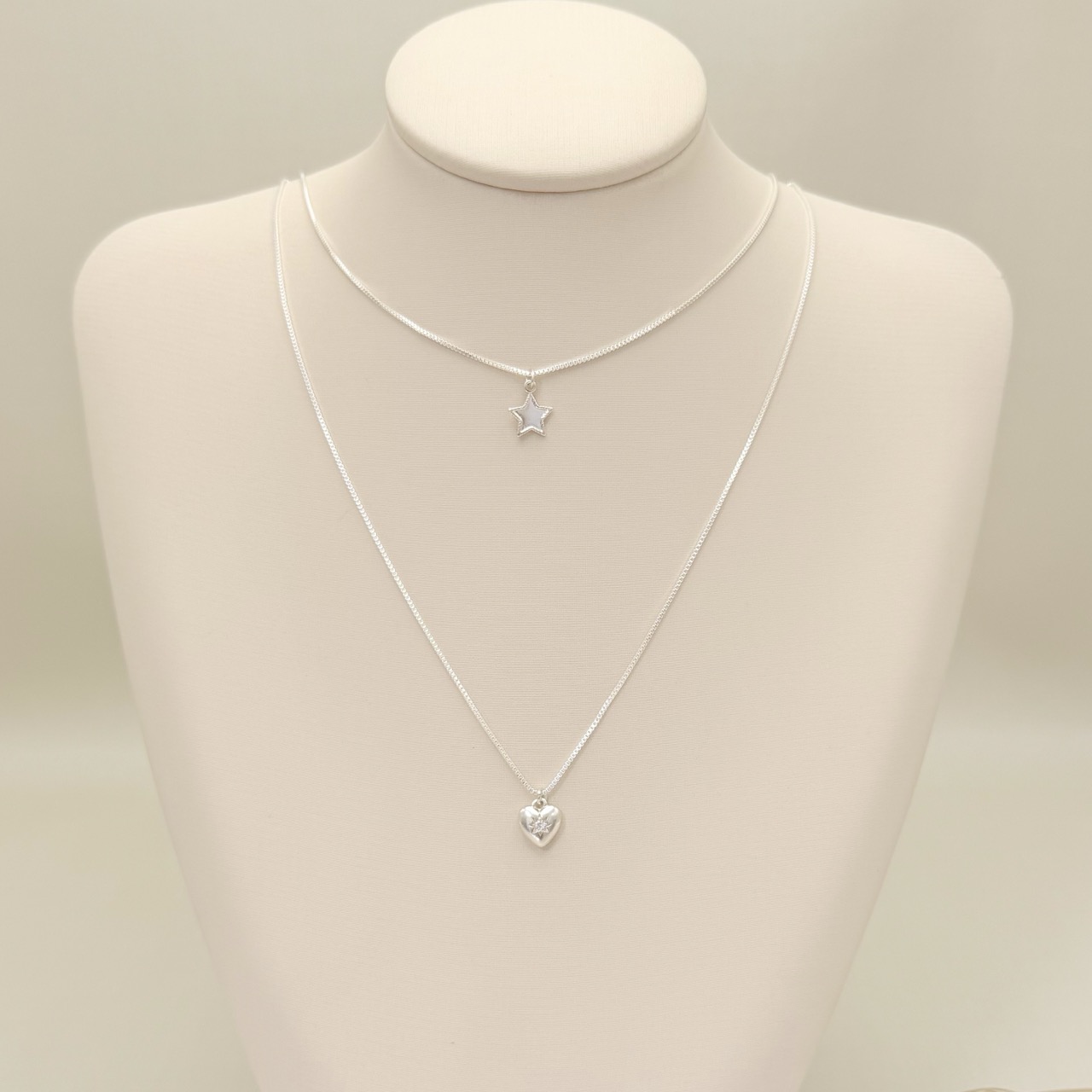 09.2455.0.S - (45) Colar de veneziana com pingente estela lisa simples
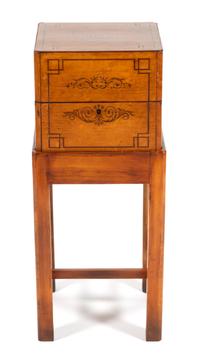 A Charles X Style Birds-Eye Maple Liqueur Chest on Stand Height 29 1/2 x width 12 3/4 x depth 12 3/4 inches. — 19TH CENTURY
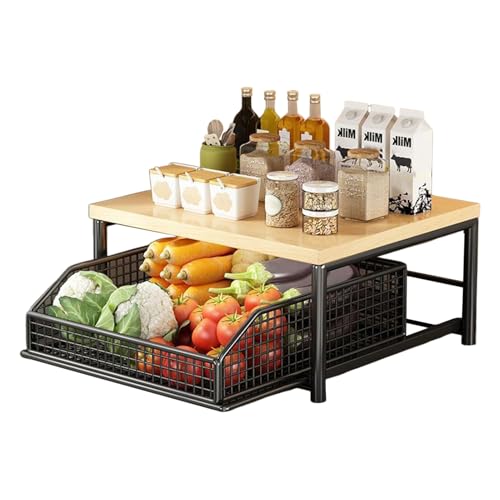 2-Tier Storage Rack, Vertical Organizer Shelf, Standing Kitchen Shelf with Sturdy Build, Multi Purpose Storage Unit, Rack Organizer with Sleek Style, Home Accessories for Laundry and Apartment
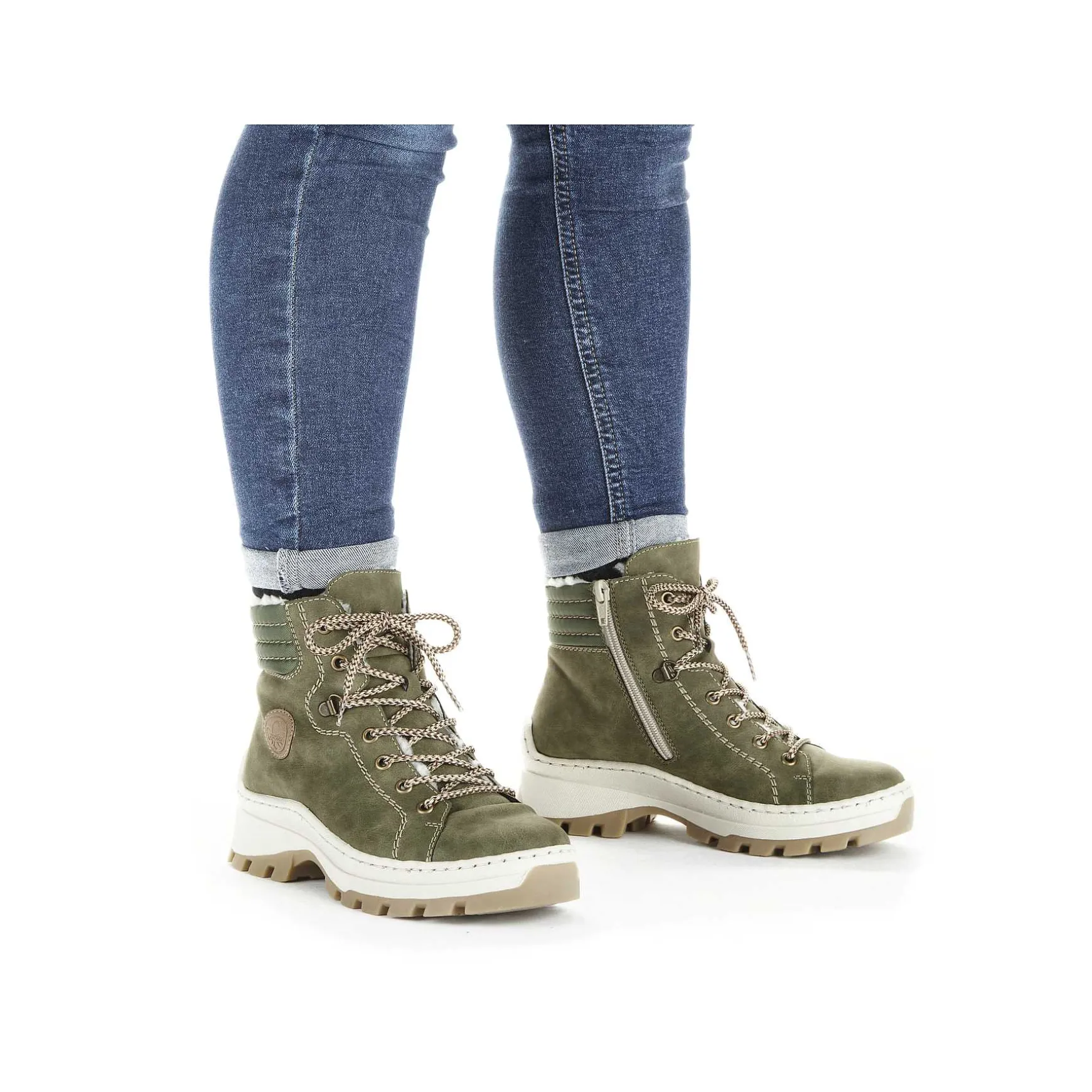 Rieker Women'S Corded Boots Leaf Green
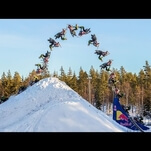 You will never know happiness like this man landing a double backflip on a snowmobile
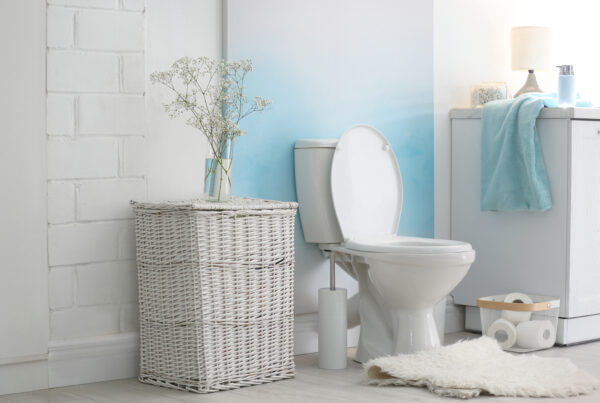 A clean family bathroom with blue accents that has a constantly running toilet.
+++
### [What the task requires]
Take the lines from the one holding "Rieker Women'S Corded Boots Leaf Green" through the final line of the records above and output them exactly, both ends included, excluding pictures.

### [Exercise answer]
 Rieker Women'S Corded Boots Leaf Green
 You will never know happiness like this man landing a double backflip on a snowmobile
 A clean family bathroom with blue accents that has a constantly running toilet.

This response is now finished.